Sono un artista? Non lo so. Sono un animatore? Non lo so. Mi piace pensare alla scuola di Stoccarda, che in seguito ha fatto anche un convegno su questo progetto. Sono riuscito ad instillare in questi ragazzi un’ipotesi, l’utopia del messaggio. Di fatti loro ci tenevano molto. Ragazzi dai 14 ai 20 anni, e c’erano anche tre professori molto entusiasti. L’ora di riunione in aula magna, il lavoro, l’ora di realizzazione: erano tutti momenti molto seguiti. Adesso spero di finire questo progetto che ho in piedi a Udine, una specie di tempio, finora abbiamo fatto le diciotto colonne che sostengono il tempio.. stiamo attrezzando tutta la copertura, tutto l’intreccio che sarà il cielo. Questo progetto viene svolto in agriturismi, c’è un appassionato e io gli ho inventato questo. A cosa serve…non lo so! Però è molto importante che io riesca a costruire una cosa che a me dà un’energia… fare un tempio vegetale… che cresce con la natura. Le foglie, le piante che crescono all’interno, ti permette di pensare all’evoluzione di questa costruzione vegetale. Quando saranno gli alberi a sostenere questo meccanismo, la gente domani potrà anche non pensare che è una cosa costruita, ma che è semplicemente esistente! Si porranno delle domande, perché la natura ha costruito questi inganni, queste strategie…lavoro tanti anni per questo!

– In questi anni hai continuato rapporti con le persone che hai conosciuto a Milanopoesia?
Sì, per esempio con Balestrini, Di Maggio, ma non ho partecipato a Veneziapoesia o altre iniziative specifiche sulla poesia, anche perché non saprei cosa fare. Un anno fa c’è stata al Politecnico di Torino una mostra sul mio lavoro, ed è stata rifatta dal Politecnico di Milano l’estate scorsa (2004) una giornata di studio: c’è una serie di persone che si interessano di questo aspetto. Daverio, per esempio, è molto interessato ed è bravo secondo me, perché è un antropologo, va a ricercare le ragioni.

– Ma tornando a Sassi, come riusciva lui ad entrare in quello che facevi tu?
Mi sembrava abbastanza attento al mio comportamento, è venuto qui diverse volte, per esempio a vedere il lavoro delle zattere, come si facevano, poi ho fatto un’altra esperienza con Colonetti sull’architettura nel ’92. Ma Sassi credo che “leggesse” molto bene il mio lavoro: più che alla forma guardava alle ragioni per cui io intraprendevo il mio progetto.
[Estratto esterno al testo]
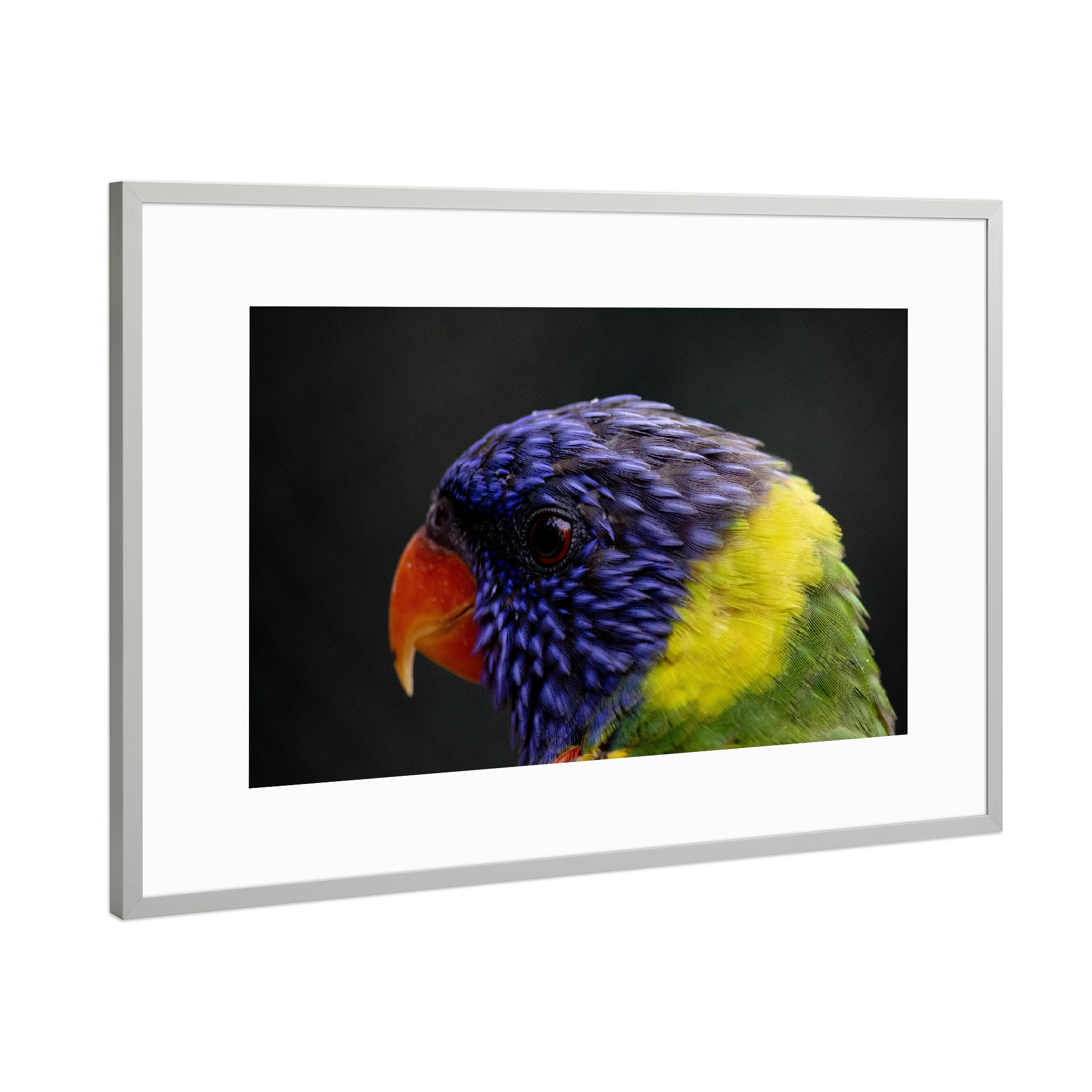 Poster mit Rahmen Silber "Colourful Lori bird" artboxONE - Natur,Reise,Tiere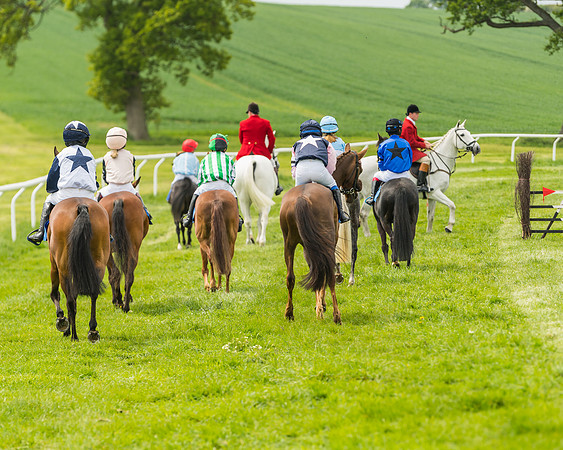 Pony Race 1 - 138cm  (31 of 93)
– Però era un cittadino legato alla città, tu invece sei legato alla terra, alla campagna, al fiume. Come metteva insieme la sua e la tua natura?
Non so come, ma lui attraverso le mie opere sentiva molto la natura. Mi fai ricordare… sì, lui era il cittadino che arrivava dalla città col vestito bello e si sedeva sui tronchi sporchi. Era un atteggiamento noncurante, ma di partecipazione. Ti accorgevi di questo sforzo che faceva per entrare in un altro meccanismo, ma si vedeva che apprezzava il bello di questo meccanismo.

– Credi che nel tuo lavoro gli interessassero le motivazioni, l’idea di fondo o il principio della crescita e del movimento?
C’era l’antropologo reale, il gioco dell’antropologia. Credo che sia questa la riflessione da fare.

– La difficoltà, infatti, di ricordare Sassi oggi è che lui non ha fatto un’opera, anche se ha realizzato riviste belle e importanti, manifestazioni e ha unito poeti e artisti diversissimi.
Attenzione lui era l’inventore delle cose, cosa che vale secondo me più del prestatore d’opera. Si può dire che lui addirittura ha “usato” gli artisti come prestatori d’opera, cioè il regista era lui, questo è il meccanismo. Non è affatto vero che gli artisti hanno fatto crescere lui, no, no: è lui che ha fatto crescere gli artisti. Gli artisti si sono posti nei confronti di Sassi come prestatori d’opera. Infatti io ritengo che le cose che io ho fatto con Sassi erano richieste di prestazioni d’opera, però le idee di che cosa si doveva fare erano sempre date da lui.

– Questo concetto è nuovo, farlo capire non è facile.
Tutte le persone che riuscirete ad intervistare dovranno parlare, come ho fatto io, di Sassi regista e art director, senza difendere se stessi, come tendono spesso a fare gli artisti; mettendo, invece, l’accento su che cosa ha significato quell’evento, quell’opera fatta all’interno di una manifestazione in un percorso artistico generale e in quel momento.